Task brief – Write out the listing below character for character, though without its pictures.

Provided material –
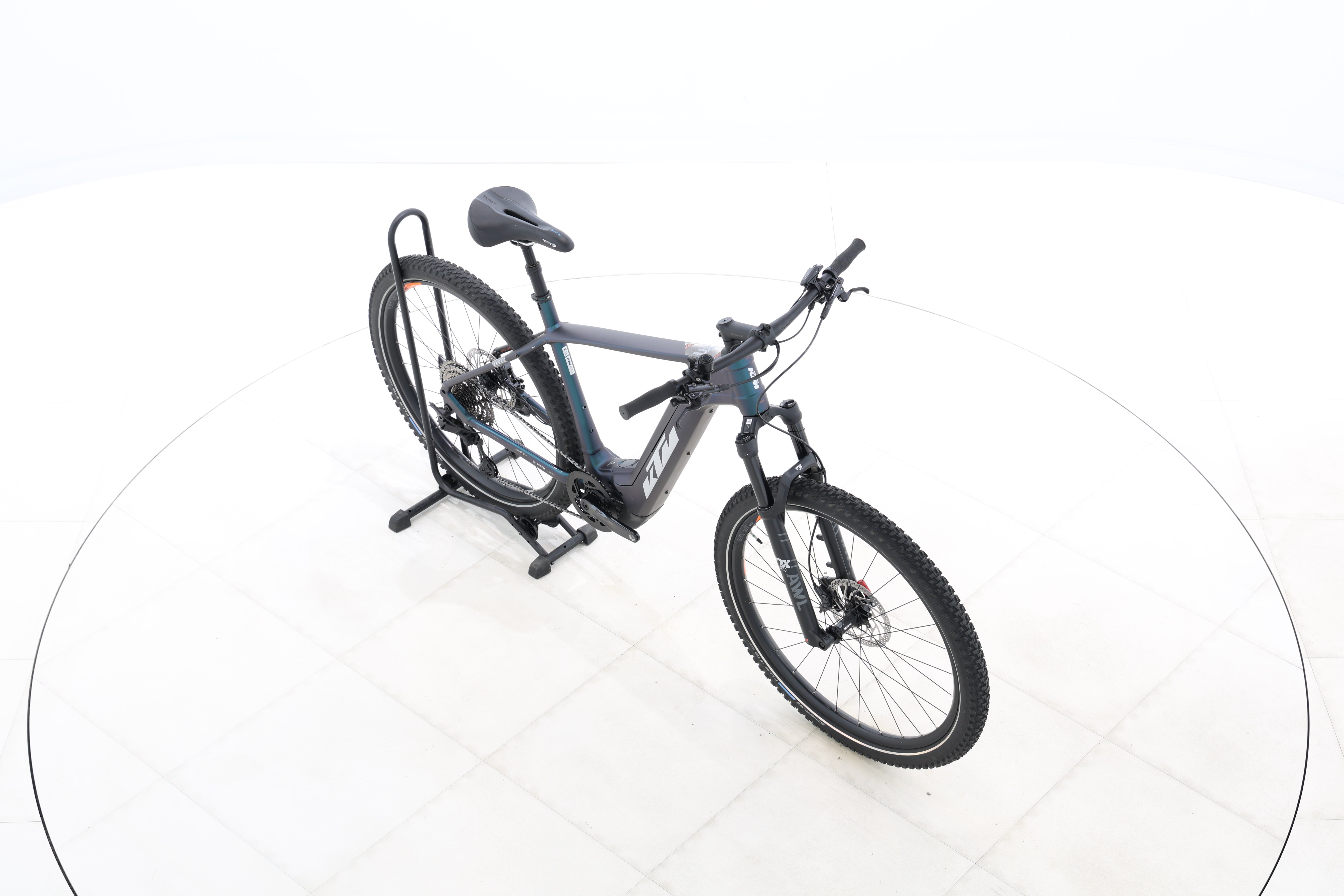 e4f17563-4c4f-4a02-96d1-4eef2f05a2f5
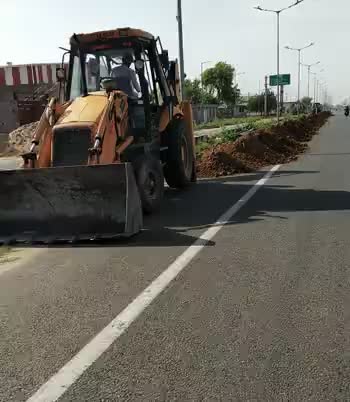 रोड बनाने के बाद पाइप डालना याद आता है#scam #road #ghotala#scams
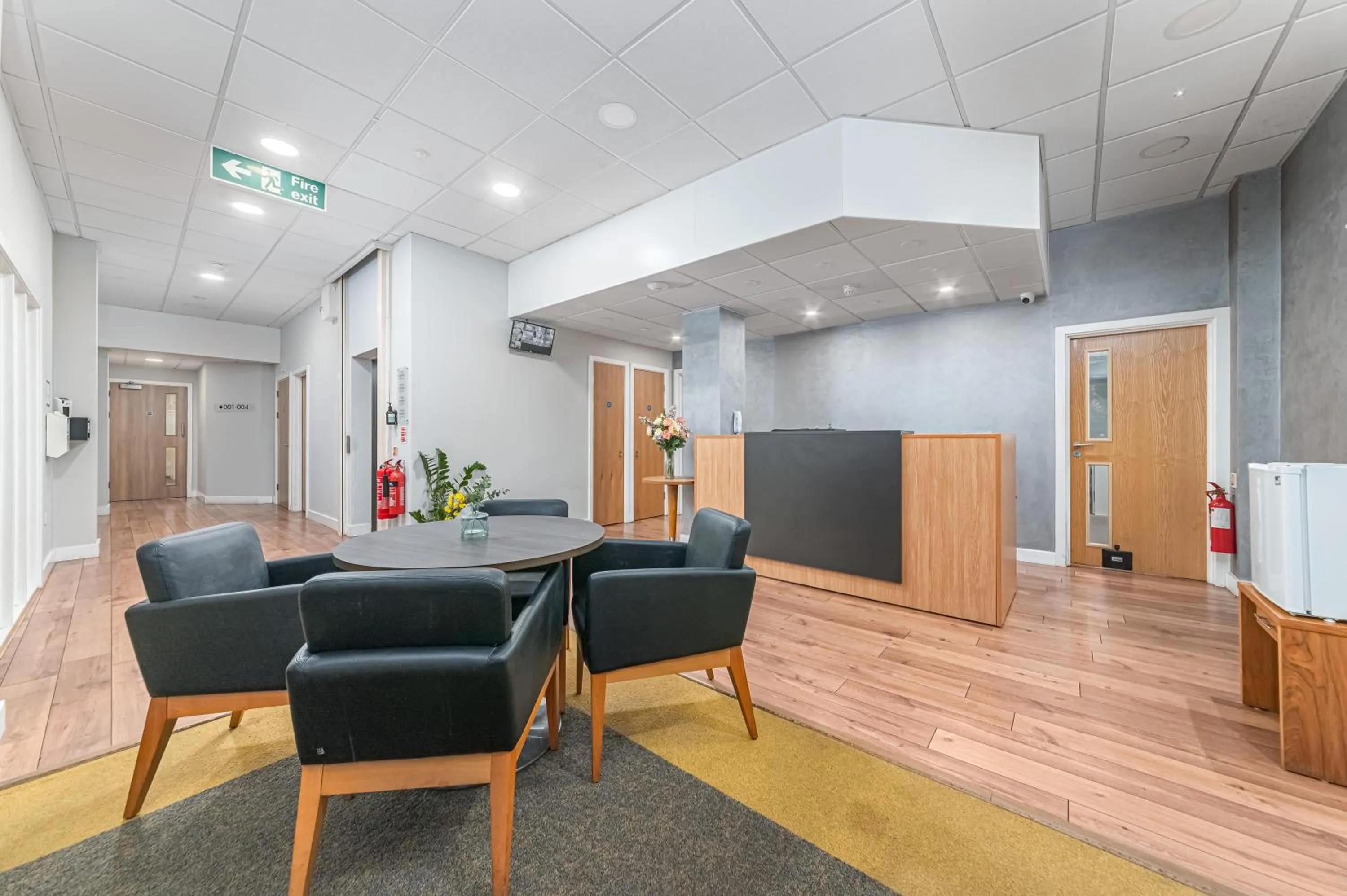 Lobby or reception in HQ Aparthotel Farnborough
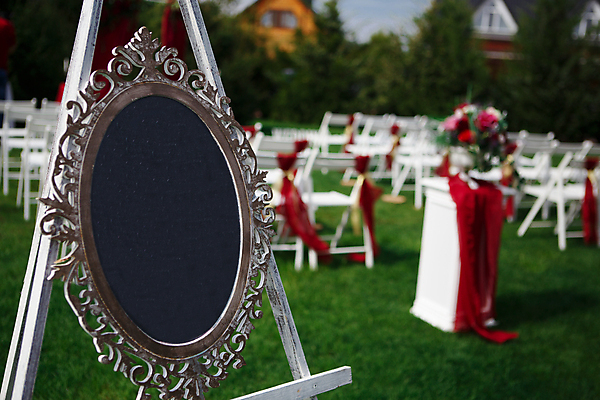 포토 JPG 해외이미지 전통 꽃 결혼 신혼부부 결혼식 프레임 선물 이벤트 사람없음 야외 장식 빨간색 요식업 보라색 시골 고급 우아함 배열 제비꽃 분필 아치 이국적 스타일 카피스페이스 해외202004 해외포토 식물 부부 산업 컬러 컨셉 공백 초크 신혼 파일형식 이미지허브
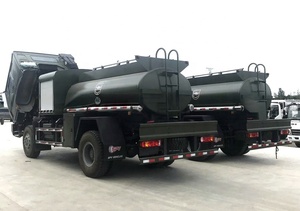Camión de Reabastecimiento de Combustible HOWO Todoterreno 4X4 <span class=keywords><strong>con</strong></span> Medidor de Flujo y Carrete de Manguera para Reabastecimiento de Helicópteros - Product Image 3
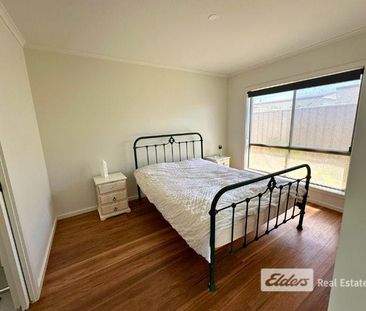 3 Bedroom House - Photo 3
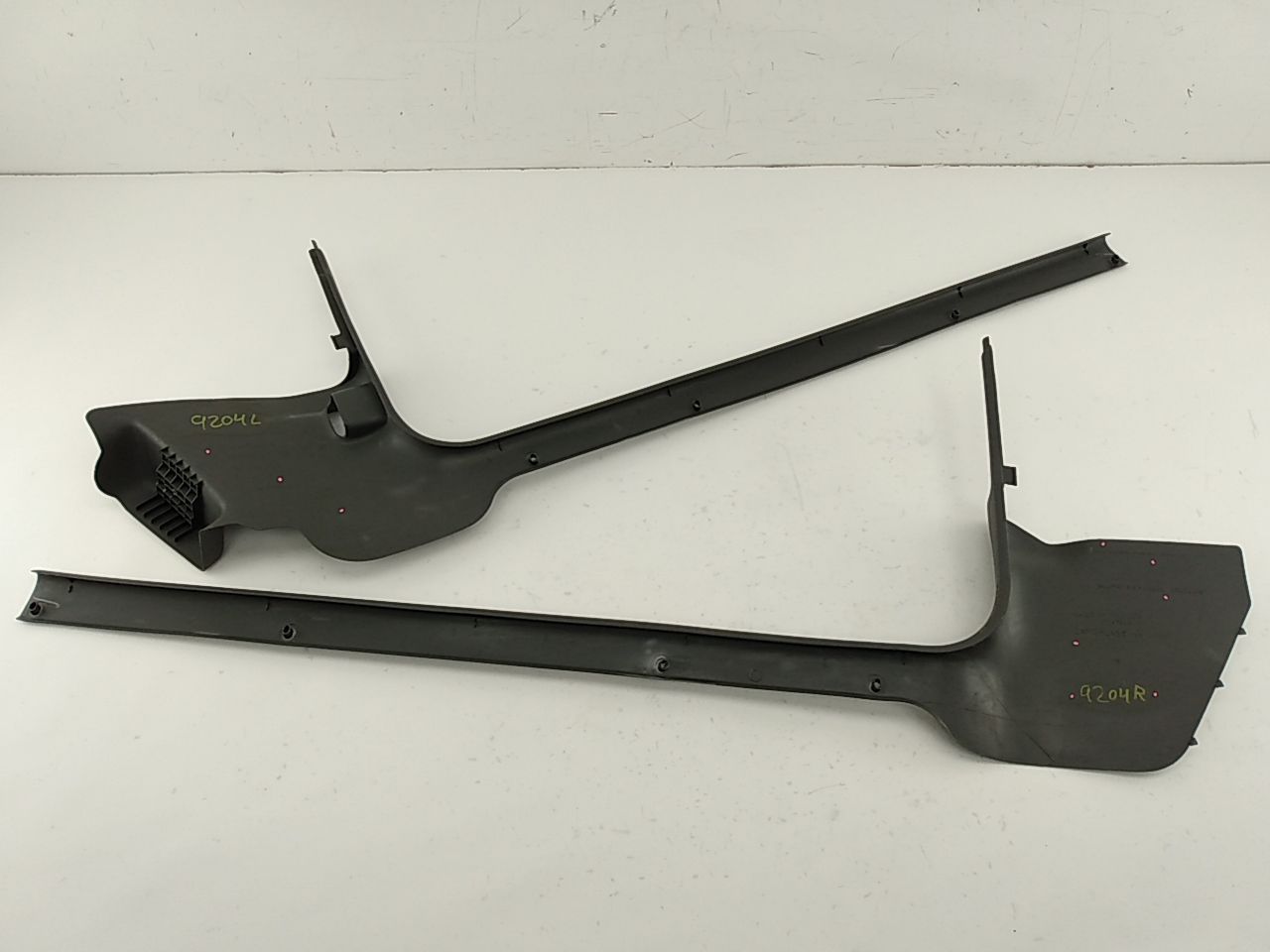 Chevrolet Camaro Pair Of Front Lower Kick Panel Trims - 0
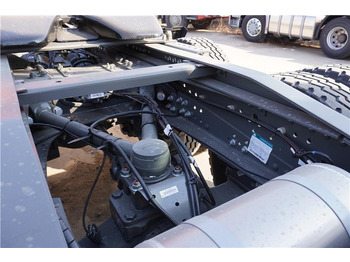 SINOTRUK Howo 371hp 6x4 10 Tires Truck Head for Sale In Jamaica leasing SINOTRUK Howo 371hp 6x4 10 Tires Truck Head for Sale In Jamaica: picture 3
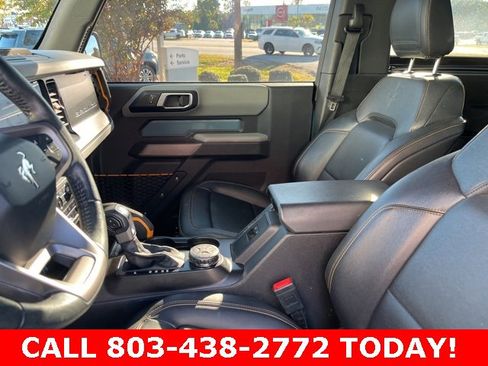 Used 2022 Ford Bronco Badlands image 9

Solution to the problem –
 e4f17563-4c4f-4a02-96d1-4eef2f05a2f5
 रोड बनाने के बाद पाइप डालना याद आता है#scam #road #ghotala#scams
 Lobby or reception in HQ Aparthotel Farnborough
 포토 JPG 해외이미지 전통 꽃 결혼 신혼부부 결혼식 프레임 선물 이벤트 사람없음 야외 장식 빨간색 요식업 보라색 시골 고급 우아함 배열 제비꽃 분필 아치 이국적 스타일 카피스페이스 해외202004 해외포토 식물 부부 산업 컬러 컨셉 공백 초크 신혼 파일형식 이미지허브
Camión de Reabastecimiento de Combustible HOWO Todoterreno 4X4 <span class=keywords><strong>con</strong></span> Medidor de Flujo y Carrete de Manguera para Reabastecimiento de Helicópteros - Product Image 3
 3 Bedroom House - Photo 3
 Chevrolet Camaro Pair Of Front Lower Kick Panel Trims - 0
 SINOTRUK Howo 371hp 6x4 10 Tires Truck Head for Sale In Jamaica leasing SINOTRUK Howo 371hp 6x4 10 Tires Truck Head for Sale In Jamaica: picture 3
 Used 2022 Ford Bronco Badlands image 9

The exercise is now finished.